» **What you have to do**: The records that follow should be copied out exactly, pictures excluded.

» **Data supplied**:
* * * * *

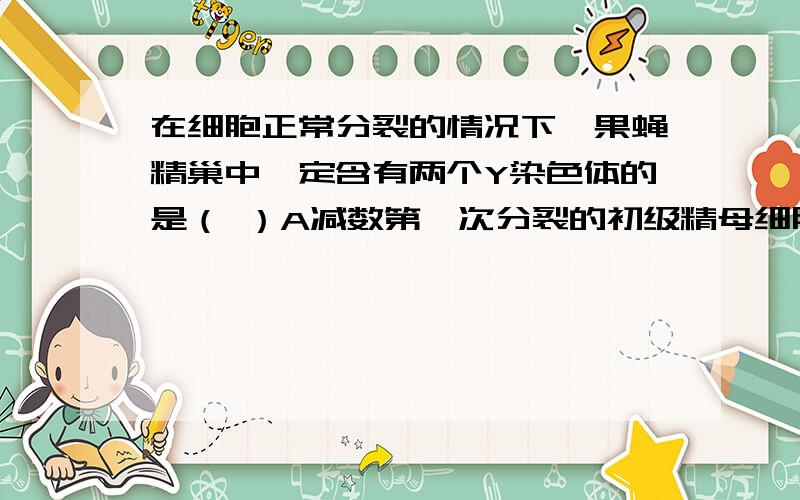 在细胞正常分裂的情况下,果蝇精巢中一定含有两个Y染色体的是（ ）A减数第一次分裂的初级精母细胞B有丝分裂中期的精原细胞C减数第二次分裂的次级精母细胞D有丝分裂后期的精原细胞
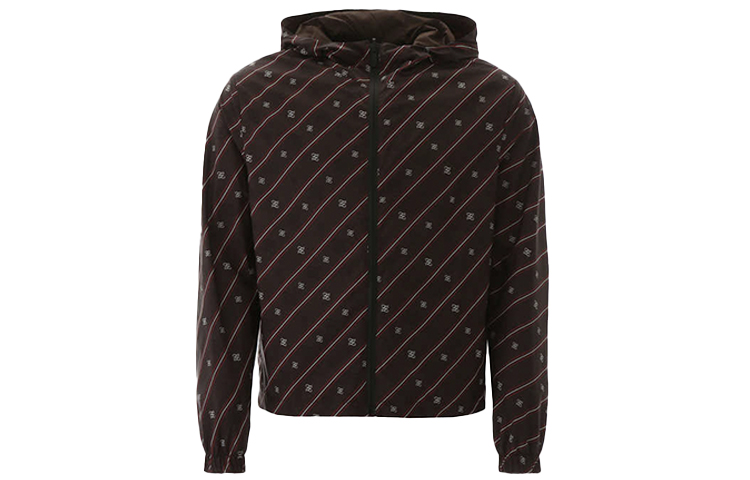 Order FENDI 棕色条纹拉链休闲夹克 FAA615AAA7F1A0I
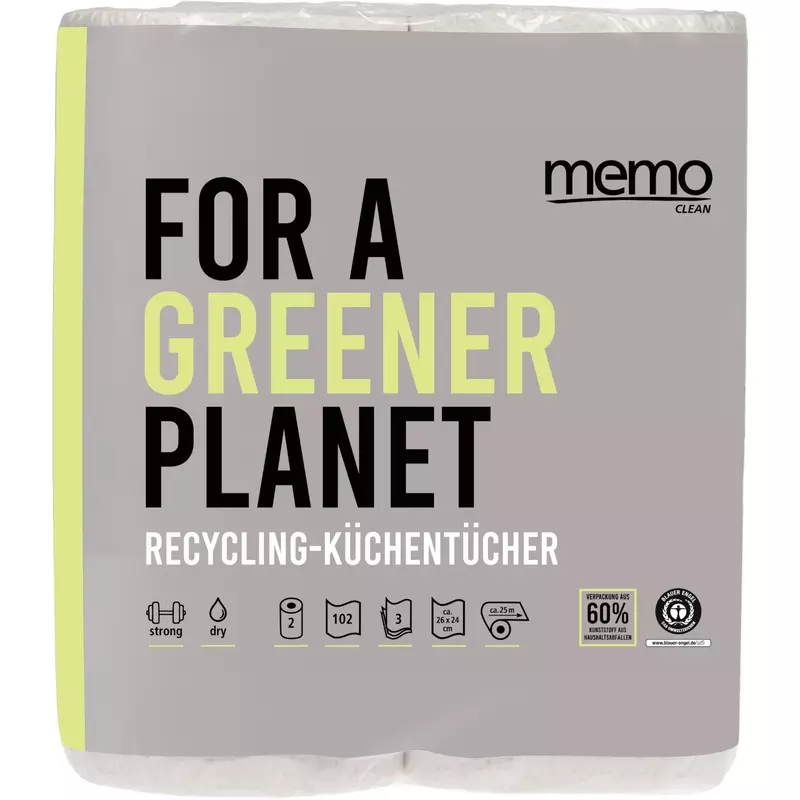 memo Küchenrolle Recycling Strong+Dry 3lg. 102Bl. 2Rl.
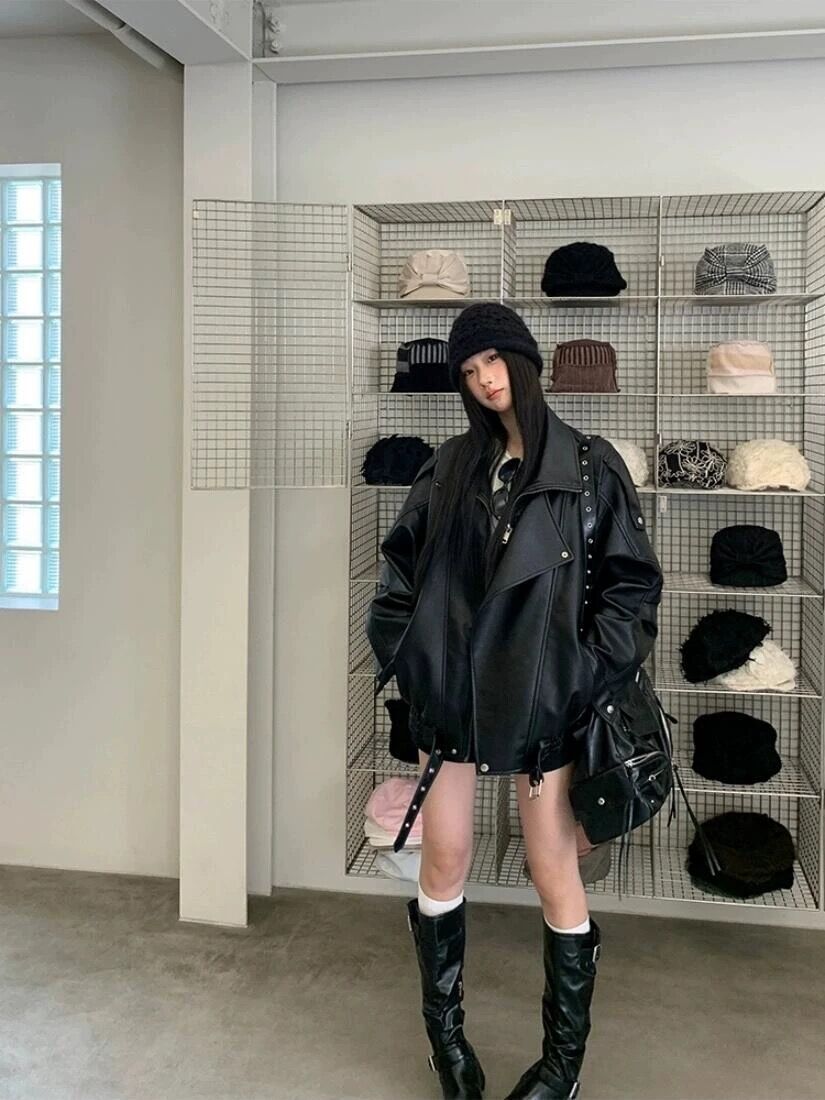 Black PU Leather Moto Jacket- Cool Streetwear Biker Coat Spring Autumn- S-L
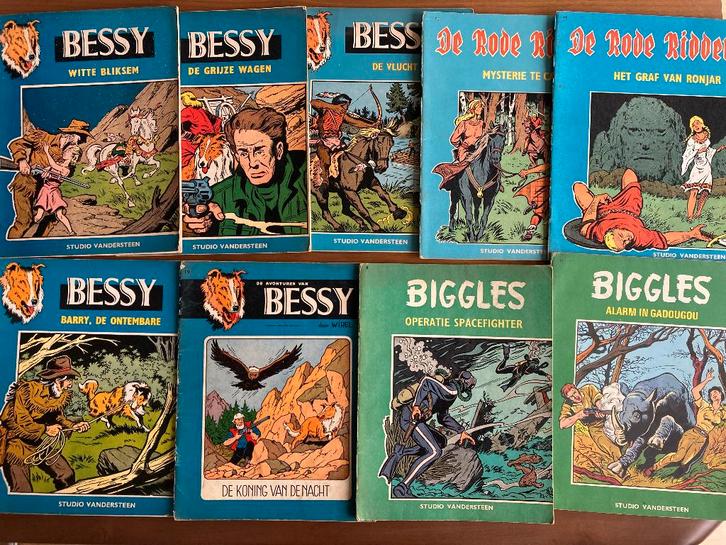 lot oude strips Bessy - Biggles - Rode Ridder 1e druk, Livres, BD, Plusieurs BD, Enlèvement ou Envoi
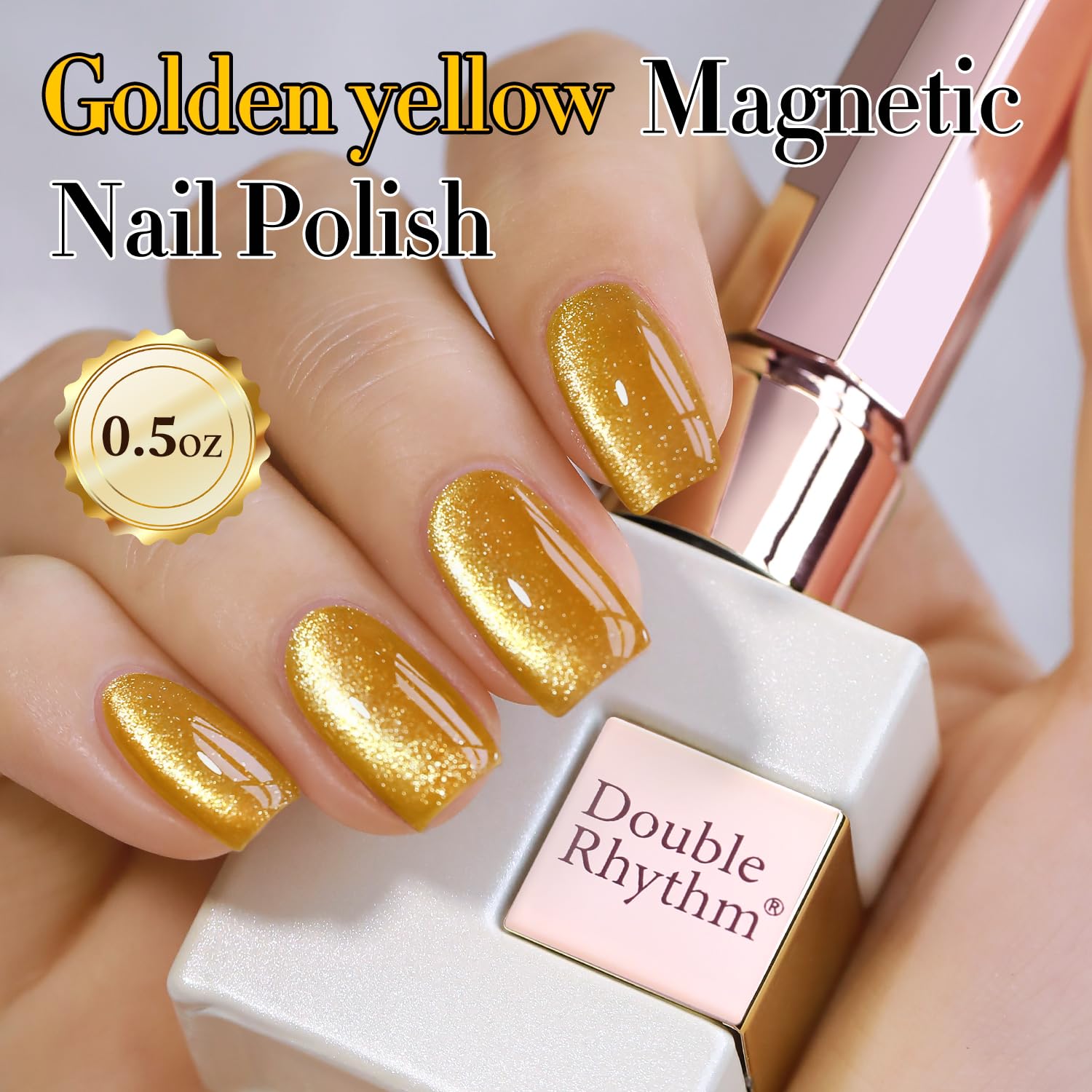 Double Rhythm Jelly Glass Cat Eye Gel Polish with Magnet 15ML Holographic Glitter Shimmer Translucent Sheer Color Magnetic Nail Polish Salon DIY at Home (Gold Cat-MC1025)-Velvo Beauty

* * * * *

» **Task response**:
 在细胞正常分裂的情况下,果蝇精巢中一定含有两个Y染色体的是（ ）A减数第一次分裂的初级精母细胞B有丝分裂中期的精原细胞C减数第二次分裂的次级精母细胞D有丝分裂后期的精原细胞
 Order FENDI 棕色条纹拉链休闲夹克 FAA615AAA7F1A0I
 memo Küchenrolle Recycling Strong+Dry 3lg. 102Bl. 2Rl.
 Black PU Leather Moto Jacket- Cool Streetwear Biker Coat Spring Autumn- S-L
 lot oude strips Bessy - Biggles - Rode Ridder 1e druk, Livres, BD, Plusieurs BD, Enlèvement ou Envoi
 Double Rhythm Jelly Glass Cat Eye Gel Polish with Magnet 15ML Holographic Glitter Shimmer Translucent Sheer Color Magnetic Nail Polish Salon DIY at Home (Gold Cat-MC1025)-Velvo Beauty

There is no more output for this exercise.